A chemistry team led by Chemistry Professor Linda Nazar, at the University of Waterloo, Canada, appears to have achieved a major breakthrough in battery technology that could increase the range of electric motorcycles tremendously. According to the team, it discovered that the performance of a lithium-sulphur battery can be boosted dramatically by using a nanosheet of manganese dioxide. The increase has the potential to propel an electric vehicle three times further than a lithium-ion battery of the same weight.

Chemistry Professor Linda Nazar
Chemistry Professor Linda Nazar

Speaking on this, Dr Nazar said, “This is a major step forward and brings the Li-S battery one step closer to reality. Very few researchers study or even teach sulfur chemistry anymore. It’s ironic we had to look so far back in the literature to understand something that may so radically change our future.”

The study revealed that the surface of the manganese dioxide nanosheet essentially transforms the sulphur cathode of a Li-S battery into a high-performance cathode that can recharge more than 2,000 times. Cathodes and anodes are the two electrodes on a battery, separated by an electrolyte solution. Sulphur, which is an extremely abundant, relatively light, and very cheap battery material, historically hasn’t worked as a cathode material because it dissolves into the electrolyte solution as the battery discharges.

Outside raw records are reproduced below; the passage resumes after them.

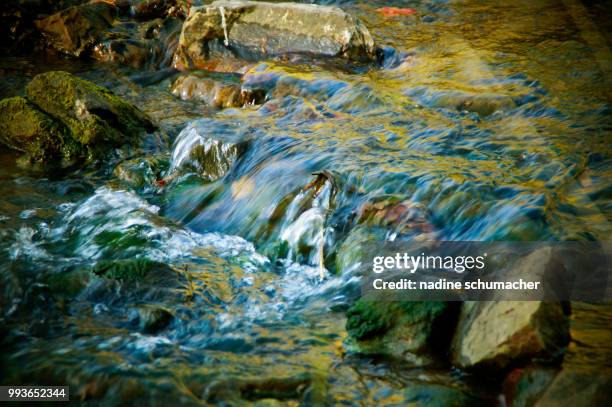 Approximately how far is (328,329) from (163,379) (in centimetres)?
114

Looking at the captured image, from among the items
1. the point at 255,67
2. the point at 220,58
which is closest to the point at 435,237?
the point at 255,67

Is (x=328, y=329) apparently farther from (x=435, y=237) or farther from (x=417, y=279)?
(x=435, y=237)

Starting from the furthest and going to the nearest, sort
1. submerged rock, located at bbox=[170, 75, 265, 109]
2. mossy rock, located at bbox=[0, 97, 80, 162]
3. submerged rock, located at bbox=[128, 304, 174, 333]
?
submerged rock, located at bbox=[170, 75, 265, 109], mossy rock, located at bbox=[0, 97, 80, 162], submerged rock, located at bbox=[128, 304, 174, 333]

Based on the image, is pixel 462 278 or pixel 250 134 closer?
pixel 462 278

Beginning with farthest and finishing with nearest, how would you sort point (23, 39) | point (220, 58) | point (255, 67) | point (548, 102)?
point (23, 39), point (220, 58), point (255, 67), point (548, 102)

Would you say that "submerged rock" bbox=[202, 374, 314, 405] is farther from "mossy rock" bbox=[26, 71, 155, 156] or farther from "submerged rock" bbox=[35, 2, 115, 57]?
"submerged rock" bbox=[35, 2, 115, 57]

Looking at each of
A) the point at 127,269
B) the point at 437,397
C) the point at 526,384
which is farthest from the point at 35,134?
the point at 526,384

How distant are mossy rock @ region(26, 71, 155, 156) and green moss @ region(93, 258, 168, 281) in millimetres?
3214

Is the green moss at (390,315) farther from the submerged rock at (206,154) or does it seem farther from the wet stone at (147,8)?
the wet stone at (147,8)

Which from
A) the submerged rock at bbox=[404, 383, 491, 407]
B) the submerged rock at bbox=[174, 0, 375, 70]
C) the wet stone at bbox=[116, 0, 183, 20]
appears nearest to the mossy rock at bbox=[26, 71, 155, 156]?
the submerged rock at bbox=[174, 0, 375, 70]

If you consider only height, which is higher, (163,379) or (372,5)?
(372,5)

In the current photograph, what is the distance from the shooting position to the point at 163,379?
3527mm

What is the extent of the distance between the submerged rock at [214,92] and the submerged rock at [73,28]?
8.87ft

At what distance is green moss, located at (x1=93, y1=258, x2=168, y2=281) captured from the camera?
183 inches
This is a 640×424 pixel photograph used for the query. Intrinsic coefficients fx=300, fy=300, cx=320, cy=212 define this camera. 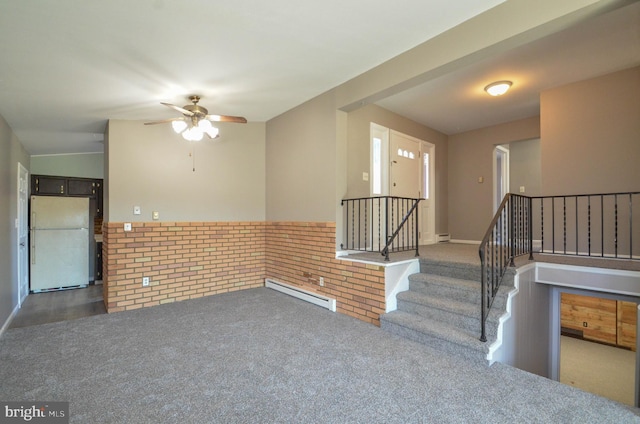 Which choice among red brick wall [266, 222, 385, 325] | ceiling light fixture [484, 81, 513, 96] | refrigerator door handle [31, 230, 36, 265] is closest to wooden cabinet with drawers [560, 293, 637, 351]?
ceiling light fixture [484, 81, 513, 96]

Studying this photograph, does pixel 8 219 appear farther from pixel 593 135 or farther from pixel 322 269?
pixel 593 135

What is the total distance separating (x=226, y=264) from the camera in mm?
5004

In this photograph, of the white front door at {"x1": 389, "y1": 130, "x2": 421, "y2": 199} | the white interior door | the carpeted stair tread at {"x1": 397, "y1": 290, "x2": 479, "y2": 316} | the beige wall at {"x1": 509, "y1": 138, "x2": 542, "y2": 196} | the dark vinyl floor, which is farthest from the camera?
the beige wall at {"x1": 509, "y1": 138, "x2": 542, "y2": 196}

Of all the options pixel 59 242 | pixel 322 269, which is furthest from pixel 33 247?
pixel 322 269

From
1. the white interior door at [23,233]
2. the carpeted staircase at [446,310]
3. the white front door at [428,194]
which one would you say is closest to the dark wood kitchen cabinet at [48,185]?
the white interior door at [23,233]

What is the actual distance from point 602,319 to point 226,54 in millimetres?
7973

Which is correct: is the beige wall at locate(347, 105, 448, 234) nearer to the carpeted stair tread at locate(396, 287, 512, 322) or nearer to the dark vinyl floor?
the carpeted stair tread at locate(396, 287, 512, 322)

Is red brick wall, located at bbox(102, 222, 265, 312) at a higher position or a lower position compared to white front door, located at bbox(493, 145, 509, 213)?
lower

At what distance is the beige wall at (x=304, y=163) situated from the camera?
4148mm

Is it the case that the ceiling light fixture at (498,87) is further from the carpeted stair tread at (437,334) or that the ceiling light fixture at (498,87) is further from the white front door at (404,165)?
the carpeted stair tread at (437,334)

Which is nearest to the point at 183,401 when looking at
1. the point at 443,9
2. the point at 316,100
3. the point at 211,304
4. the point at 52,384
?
the point at 52,384

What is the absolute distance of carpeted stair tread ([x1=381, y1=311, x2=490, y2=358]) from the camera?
2.62 m

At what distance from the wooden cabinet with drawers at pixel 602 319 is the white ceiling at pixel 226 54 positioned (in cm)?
447

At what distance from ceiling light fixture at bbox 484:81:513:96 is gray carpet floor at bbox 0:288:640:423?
343cm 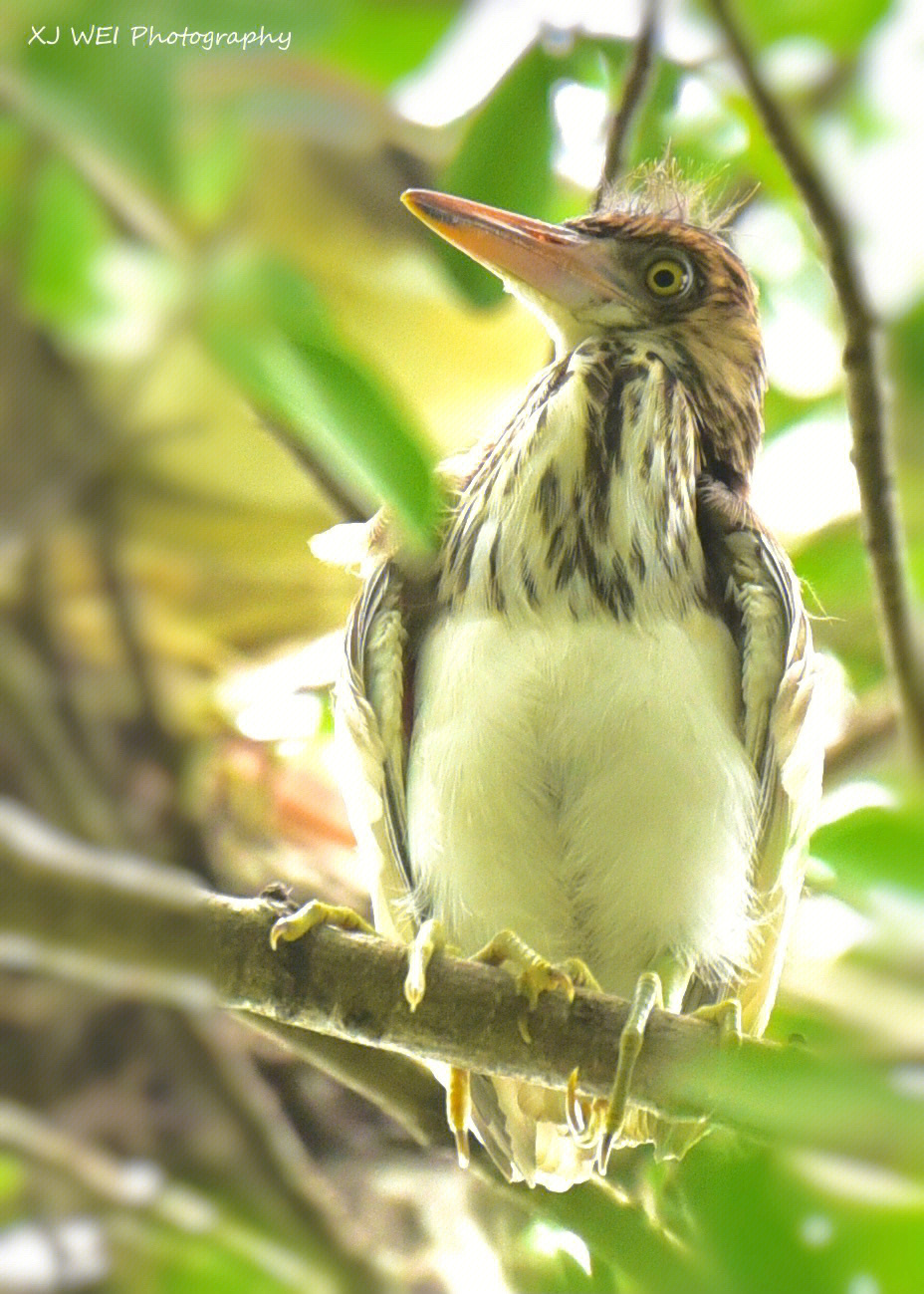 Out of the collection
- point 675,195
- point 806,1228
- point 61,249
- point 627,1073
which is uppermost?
point 675,195

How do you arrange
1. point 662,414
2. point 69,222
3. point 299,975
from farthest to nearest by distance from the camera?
point 662,414 < point 299,975 < point 69,222

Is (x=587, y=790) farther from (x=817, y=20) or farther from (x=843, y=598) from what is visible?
(x=817, y=20)

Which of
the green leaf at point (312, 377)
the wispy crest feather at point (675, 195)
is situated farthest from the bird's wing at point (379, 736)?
the green leaf at point (312, 377)

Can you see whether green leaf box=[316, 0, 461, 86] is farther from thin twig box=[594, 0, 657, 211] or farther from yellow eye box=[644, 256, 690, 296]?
yellow eye box=[644, 256, 690, 296]

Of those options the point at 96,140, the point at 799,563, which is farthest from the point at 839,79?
the point at 96,140

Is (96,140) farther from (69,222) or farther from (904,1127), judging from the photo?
(904,1127)

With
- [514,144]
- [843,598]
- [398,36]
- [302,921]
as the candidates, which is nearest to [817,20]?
[398,36] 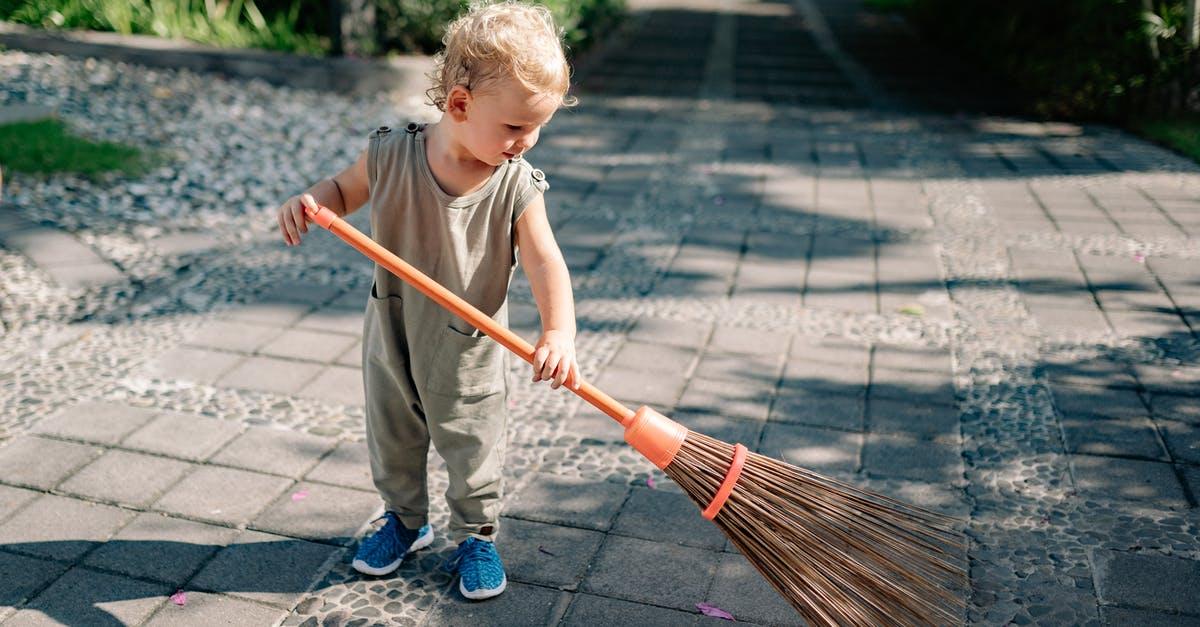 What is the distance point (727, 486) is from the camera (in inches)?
83.7

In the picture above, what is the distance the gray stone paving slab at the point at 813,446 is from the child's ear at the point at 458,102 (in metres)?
1.59

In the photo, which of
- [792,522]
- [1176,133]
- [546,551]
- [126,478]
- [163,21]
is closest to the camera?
[792,522]

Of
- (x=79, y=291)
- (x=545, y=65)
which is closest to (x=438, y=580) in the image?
(x=545, y=65)

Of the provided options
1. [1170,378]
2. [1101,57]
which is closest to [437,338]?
[1170,378]

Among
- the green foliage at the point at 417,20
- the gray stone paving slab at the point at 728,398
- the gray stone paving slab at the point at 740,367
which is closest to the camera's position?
the gray stone paving slab at the point at 728,398

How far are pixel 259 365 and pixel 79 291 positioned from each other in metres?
1.17

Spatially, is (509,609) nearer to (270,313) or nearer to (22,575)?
(22,575)

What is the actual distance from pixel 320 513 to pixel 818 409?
170 centimetres

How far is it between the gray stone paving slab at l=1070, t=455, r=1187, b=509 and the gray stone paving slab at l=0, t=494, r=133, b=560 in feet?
9.16

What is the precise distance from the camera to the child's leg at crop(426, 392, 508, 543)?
7.57 ft

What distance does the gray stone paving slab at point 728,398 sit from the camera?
338cm

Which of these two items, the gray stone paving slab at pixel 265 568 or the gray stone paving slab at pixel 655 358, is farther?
the gray stone paving slab at pixel 655 358

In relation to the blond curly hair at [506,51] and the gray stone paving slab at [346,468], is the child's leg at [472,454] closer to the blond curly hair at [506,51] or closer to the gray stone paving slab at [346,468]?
the gray stone paving slab at [346,468]

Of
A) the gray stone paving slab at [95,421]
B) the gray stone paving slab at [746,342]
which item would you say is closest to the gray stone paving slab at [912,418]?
the gray stone paving slab at [746,342] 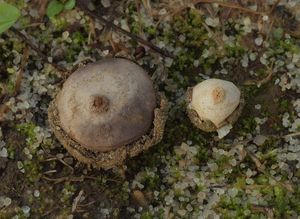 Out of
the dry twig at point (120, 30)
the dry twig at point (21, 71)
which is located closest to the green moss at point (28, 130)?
the dry twig at point (21, 71)

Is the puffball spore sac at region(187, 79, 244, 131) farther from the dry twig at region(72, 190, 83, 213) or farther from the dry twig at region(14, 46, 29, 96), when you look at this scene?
the dry twig at region(14, 46, 29, 96)

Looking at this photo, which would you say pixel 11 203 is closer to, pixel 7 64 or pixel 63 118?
pixel 63 118

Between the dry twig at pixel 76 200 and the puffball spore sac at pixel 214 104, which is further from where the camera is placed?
the dry twig at pixel 76 200

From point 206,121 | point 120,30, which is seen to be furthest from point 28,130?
point 206,121

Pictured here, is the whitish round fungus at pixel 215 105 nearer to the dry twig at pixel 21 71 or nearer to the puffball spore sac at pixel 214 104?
the puffball spore sac at pixel 214 104

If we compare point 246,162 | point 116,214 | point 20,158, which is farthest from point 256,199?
point 20,158

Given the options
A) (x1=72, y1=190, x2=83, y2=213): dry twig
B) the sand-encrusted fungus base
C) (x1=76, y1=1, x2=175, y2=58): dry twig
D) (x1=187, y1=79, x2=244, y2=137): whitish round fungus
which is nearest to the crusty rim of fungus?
(x1=187, y1=79, x2=244, y2=137): whitish round fungus

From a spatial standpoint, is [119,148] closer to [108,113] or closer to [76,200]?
[108,113]

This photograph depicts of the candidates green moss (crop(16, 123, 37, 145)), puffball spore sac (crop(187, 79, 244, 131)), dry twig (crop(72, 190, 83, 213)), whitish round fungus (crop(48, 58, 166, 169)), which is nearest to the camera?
whitish round fungus (crop(48, 58, 166, 169)) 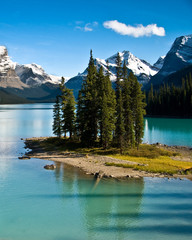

The university reported that previous research by Nazar found that metallic titanium oxide could work to stabilize the sulfur, but the research published this week shows that nanosheets of manganese dioxide work even better. The main goal of this paper is to explain the mechanism at work. The chemical reaction that stabilizes the sulfur is similar to a chemical process discovered in 1845 during the golden age of German sulphur chemistry.

This could be it then. If things work out and this new technology got implemented in the batteries of electric motorcycles, then the ‘range issue’ would be solved. However, charging them would still be a problem unless we have got charging stations or ports located at some predefined intervals on all roads. Similar to fuel stations, I guess?